For the consumer, many financial advisers are compensated by commissions that are earned through the solutions or products they recommend. We believe that the fee-only financial planner is a preferred method of compensation for financial planners.  Other methods may cause a conflict of interest for you, the client. This conflict could cause a commissioned product being force to fit a problem rather than a problem being solved by an objective and independent answer.

Fee-only compensation helps you understand what you are paying for.

We believe a fee-only compensation model helps our clients better understand what they are paying for. It eliminates the worry that the client may have on a recommended solution having any hidden charges or a force fit. This compensation model matches our financial disclosure and fiduciary responsibility to our clients. Other benefits of a fee only advisor or fiduciary are:

  • A fiduciary must meet a higher standard in matching your financial needs with the proper recommendations. We must consider your best interest.
  • A commissioned financial advisor or a registered representative only needs to meet a suitability standard test.

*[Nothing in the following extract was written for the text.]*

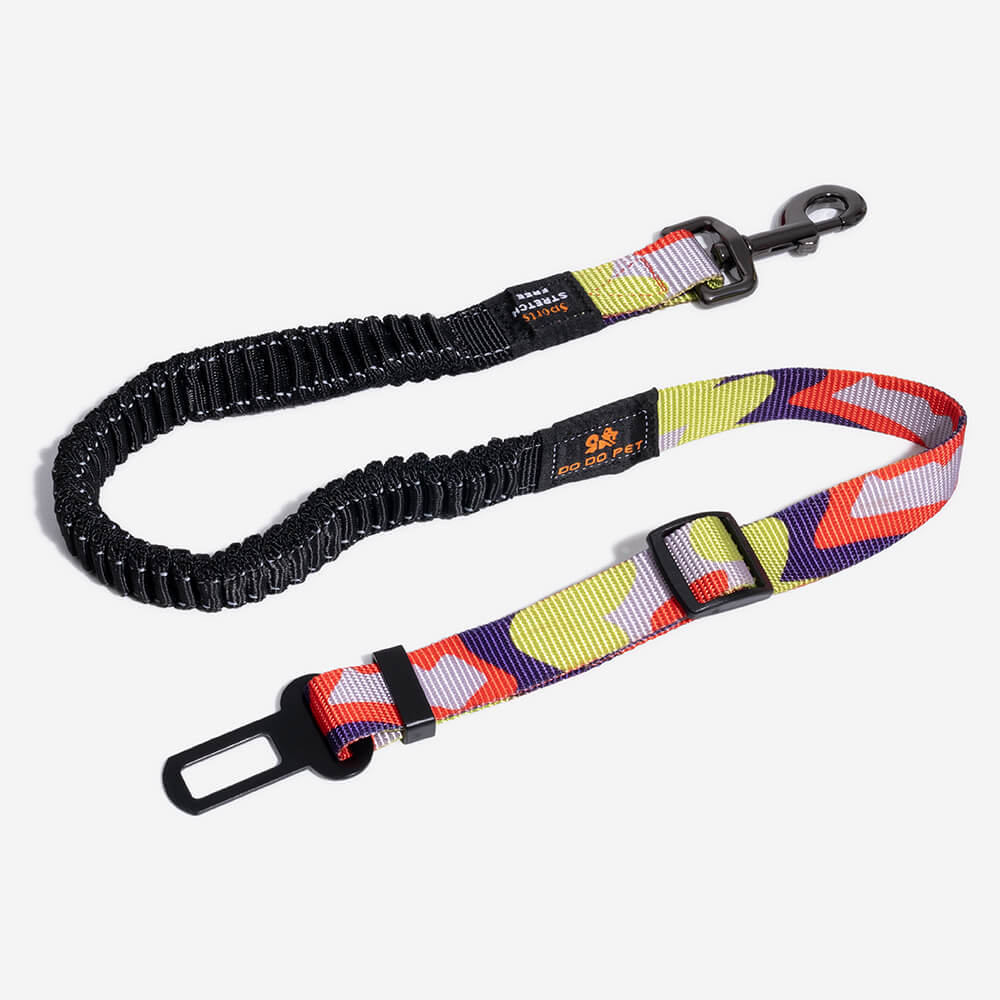 Cinturón de seguridad ajustable y fresco para accesorios coloridos para perros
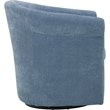 Fox Hill Trading Marlee Traditional Polyester Fabric Club Chair in Light Blue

Congress is currently debating this issue for the financial service industry. Under the new rules of the SEC an adviser is either a fiduciary or not. If you do not use an advisor who is a fiduciary, you the client, take on additional risk. This risk is created since the adviser does not need to act in your best interest and you must understand the recommendation. You need to ask that questions and read the fine print of the disclosure statements.

Our independent advice allows us to be objective in the solutions we provide to our clients.  We are not linked to a specific set of products.  Along with the fee-only and fiduciary roles, we believe that this process provides the best model for all consumers and clients.